I guess I'm starting to show my age. I haven't bounced back from this little episode of illness like I used to. Today I plan to throw caution to the wind and actually eat the noodles and chicken in the Campbell's soup I'll have. Brave huh?

It's making me nuts! I can't ride, I can't read and prepare Thursday's lecture, I can't sit at the wheel and throw pots, I can't do anything but lay here and be lethargic. It totally sucks.

I get a little better every day, but whatever this was it sure has made me appreciate how healthy I normally am.

It was inevitable though. I was just thinking a few weeks ago how lucky I'd been all winter, that through that horrible months-long ordeal that I hadn't even had the sniffles.

Then, of course, I went right out and overdid. I jumped on a horse, and started riding my bike, and spending time doing things to the car etc. Not thinking for a second that maybe I should pace myself. That this all might take a break-in period since I wasn't nearly this active for the last six months.
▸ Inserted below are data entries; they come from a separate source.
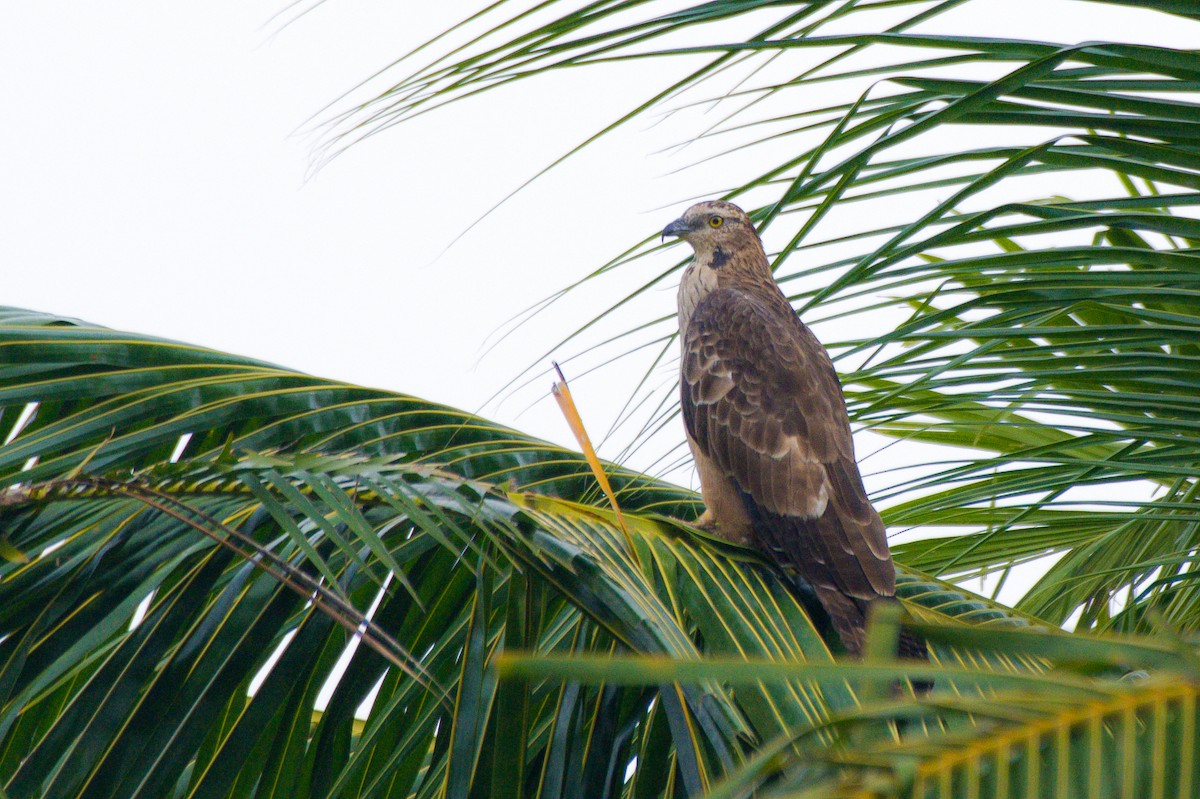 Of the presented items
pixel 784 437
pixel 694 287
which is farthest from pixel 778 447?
pixel 694 287

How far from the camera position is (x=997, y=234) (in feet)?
6.47

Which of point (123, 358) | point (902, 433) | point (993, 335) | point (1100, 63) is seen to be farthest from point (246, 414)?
point (902, 433)

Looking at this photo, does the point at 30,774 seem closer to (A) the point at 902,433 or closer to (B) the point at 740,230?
(A) the point at 902,433

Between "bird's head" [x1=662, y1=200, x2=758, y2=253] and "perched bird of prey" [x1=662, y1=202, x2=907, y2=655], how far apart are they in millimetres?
264

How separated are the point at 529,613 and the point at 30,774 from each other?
Result: 0.84 m

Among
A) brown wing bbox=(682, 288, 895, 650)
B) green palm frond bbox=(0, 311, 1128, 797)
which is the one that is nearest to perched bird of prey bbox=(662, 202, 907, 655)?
brown wing bbox=(682, 288, 895, 650)

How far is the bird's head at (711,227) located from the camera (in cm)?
432

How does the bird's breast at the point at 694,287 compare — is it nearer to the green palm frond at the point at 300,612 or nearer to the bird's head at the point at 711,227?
the bird's head at the point at 711,227

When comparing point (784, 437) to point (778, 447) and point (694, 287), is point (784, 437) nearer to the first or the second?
point (778, 447)

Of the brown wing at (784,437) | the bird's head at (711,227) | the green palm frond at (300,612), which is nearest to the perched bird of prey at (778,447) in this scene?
the brown wing at (784,437)

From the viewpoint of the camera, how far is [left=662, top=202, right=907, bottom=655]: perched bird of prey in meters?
2.77

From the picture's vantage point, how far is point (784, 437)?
329 centimetres

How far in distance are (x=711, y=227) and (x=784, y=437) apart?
1.35 m

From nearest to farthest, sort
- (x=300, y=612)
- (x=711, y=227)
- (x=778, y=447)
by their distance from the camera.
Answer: (x=300, y=612) < (x=778, y=447) < (x=711, y=227) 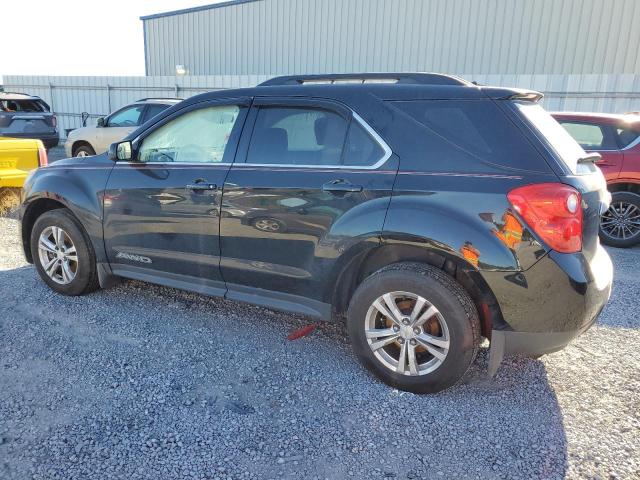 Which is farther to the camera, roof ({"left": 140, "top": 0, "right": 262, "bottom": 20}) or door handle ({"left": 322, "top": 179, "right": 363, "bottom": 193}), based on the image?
roof ({"left": 140, "top": 0, "right": 262, "bottom": 20})

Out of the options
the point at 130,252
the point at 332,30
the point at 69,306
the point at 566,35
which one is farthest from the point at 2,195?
the point at 566,35

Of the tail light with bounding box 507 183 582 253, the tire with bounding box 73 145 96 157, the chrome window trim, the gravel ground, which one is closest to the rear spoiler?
the tail light with bounding box 507 183 582 253

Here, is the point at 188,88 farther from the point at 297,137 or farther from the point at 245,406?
the point at 245,406

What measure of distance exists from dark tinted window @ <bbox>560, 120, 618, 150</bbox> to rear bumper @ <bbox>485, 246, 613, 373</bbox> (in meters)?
4.37

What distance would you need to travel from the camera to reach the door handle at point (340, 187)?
295cm

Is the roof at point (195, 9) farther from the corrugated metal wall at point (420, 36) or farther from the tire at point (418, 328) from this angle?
the tire at point (418, 328)

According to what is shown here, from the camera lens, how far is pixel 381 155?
295cm

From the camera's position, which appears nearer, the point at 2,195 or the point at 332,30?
the point at 2,195

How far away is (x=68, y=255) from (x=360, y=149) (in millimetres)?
2739

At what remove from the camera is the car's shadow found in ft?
7.82

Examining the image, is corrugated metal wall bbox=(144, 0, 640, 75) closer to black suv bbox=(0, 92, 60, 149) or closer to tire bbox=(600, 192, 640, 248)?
black suv bbox=(0, 92, 60, 149)

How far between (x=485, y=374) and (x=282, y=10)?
60.8 ft

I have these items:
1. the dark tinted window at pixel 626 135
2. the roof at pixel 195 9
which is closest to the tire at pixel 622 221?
the dark tinted window at pixel 626 135

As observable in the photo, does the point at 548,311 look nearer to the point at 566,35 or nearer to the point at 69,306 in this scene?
the point at 69,306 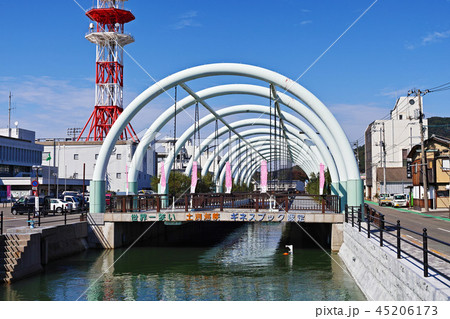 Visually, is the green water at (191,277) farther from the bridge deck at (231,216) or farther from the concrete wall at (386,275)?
the bridge deck at (231,216)

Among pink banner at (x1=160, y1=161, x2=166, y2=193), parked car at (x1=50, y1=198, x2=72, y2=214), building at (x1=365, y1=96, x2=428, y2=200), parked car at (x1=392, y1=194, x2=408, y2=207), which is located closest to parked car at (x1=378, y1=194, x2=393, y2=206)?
parked car at (x1=392, y1=194, x2=408, y2=207)

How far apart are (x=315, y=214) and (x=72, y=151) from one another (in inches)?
1971

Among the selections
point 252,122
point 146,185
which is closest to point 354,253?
point 252,122

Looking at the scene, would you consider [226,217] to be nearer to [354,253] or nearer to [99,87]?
[354,253]

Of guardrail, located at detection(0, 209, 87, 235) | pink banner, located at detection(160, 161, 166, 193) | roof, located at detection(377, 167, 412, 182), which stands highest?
roof, located at detection(377, 167, 412, 182)

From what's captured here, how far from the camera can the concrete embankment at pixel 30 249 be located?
18.0 metres

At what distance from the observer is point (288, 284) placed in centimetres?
1781

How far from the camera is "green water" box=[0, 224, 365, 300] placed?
16094 mm

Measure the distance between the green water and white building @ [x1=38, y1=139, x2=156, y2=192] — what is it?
39400mm

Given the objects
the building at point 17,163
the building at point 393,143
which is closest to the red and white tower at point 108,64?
the building at point 17,163

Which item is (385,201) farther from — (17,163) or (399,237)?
(17,163)

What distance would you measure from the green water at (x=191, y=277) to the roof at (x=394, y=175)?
4648 centimetres

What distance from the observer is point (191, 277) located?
1958cm

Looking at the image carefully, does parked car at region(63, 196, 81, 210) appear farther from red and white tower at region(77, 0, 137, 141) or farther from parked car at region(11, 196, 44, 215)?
red and white tower at region(77, 0, 137, 141)
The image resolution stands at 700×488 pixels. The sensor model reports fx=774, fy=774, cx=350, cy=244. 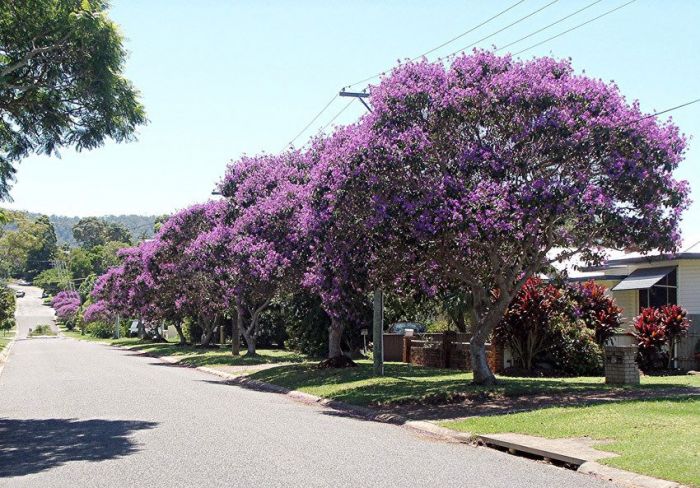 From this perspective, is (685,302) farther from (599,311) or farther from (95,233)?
(95,233)

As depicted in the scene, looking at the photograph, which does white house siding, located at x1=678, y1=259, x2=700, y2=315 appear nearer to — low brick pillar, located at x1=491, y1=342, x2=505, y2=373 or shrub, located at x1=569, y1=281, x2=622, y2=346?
shrub, located at x1=569, y1=281, x2=622, y2=346

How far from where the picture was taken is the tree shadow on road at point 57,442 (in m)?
10.3

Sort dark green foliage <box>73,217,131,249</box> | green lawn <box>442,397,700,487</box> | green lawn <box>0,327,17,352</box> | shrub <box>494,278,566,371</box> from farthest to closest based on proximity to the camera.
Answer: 1. dark green foliage <box>73,217,131,249</box>
2. green lawn <box>0,327,17,352</box>
3. shrub <box>494,278,566,371</box>
4. green lawn <box>442,397,700,487</box>

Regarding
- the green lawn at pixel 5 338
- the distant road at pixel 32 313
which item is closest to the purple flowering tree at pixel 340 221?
the green lawn at pixel 5 338

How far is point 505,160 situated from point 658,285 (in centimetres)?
1185

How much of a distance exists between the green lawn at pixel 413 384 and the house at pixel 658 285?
2.98m

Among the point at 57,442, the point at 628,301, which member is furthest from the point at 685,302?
the point at 57,442

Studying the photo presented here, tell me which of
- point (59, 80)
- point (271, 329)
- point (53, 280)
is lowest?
point (271, 329)

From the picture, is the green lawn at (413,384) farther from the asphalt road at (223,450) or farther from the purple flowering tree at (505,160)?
the purple flowering tree at (505,160)

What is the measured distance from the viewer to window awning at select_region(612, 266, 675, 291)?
82.4 ft

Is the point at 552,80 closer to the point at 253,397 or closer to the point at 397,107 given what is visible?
the point at 397,107

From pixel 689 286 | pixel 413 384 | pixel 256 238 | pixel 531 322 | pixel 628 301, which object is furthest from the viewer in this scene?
pixel 256 238

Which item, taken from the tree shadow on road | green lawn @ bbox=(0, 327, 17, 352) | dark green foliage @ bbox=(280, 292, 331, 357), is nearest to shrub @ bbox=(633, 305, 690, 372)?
dark green foliage @ bbox=(280, 292, 331, 357)

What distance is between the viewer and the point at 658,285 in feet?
84.2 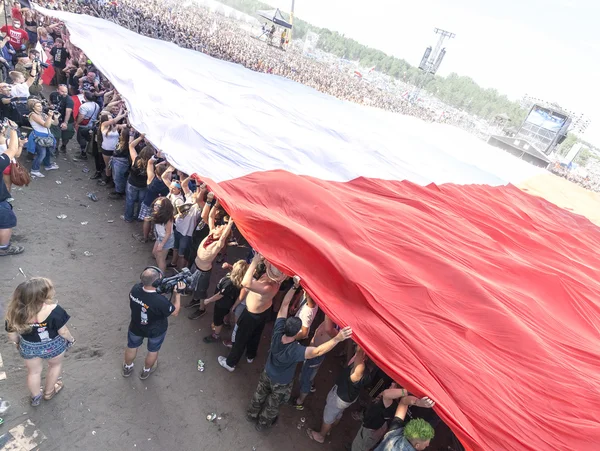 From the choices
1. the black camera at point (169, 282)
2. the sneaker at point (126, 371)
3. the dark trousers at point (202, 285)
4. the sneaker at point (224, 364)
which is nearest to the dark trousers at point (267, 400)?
the sneaker at point (224, 364)

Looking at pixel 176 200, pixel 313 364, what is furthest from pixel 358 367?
pixel 176 200

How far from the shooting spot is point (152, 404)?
3594mm

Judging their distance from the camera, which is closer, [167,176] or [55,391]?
[55,391]

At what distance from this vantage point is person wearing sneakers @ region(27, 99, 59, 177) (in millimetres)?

I also didn't consider that I am in constant contact with those germy urchins at the college who potentially bring to me, in three hours, the amount of exposure to germs that I normally have in a month. So, like I said...inevitable.

I find that I can concentrate a little more today. I have been able to get things pretty much caught up at work, so that alone made me feel a little better.

It's just pathetic that I am reduced to this...this...pile of rubble by a little virus.

Pathetic!

So much for aging gracefully.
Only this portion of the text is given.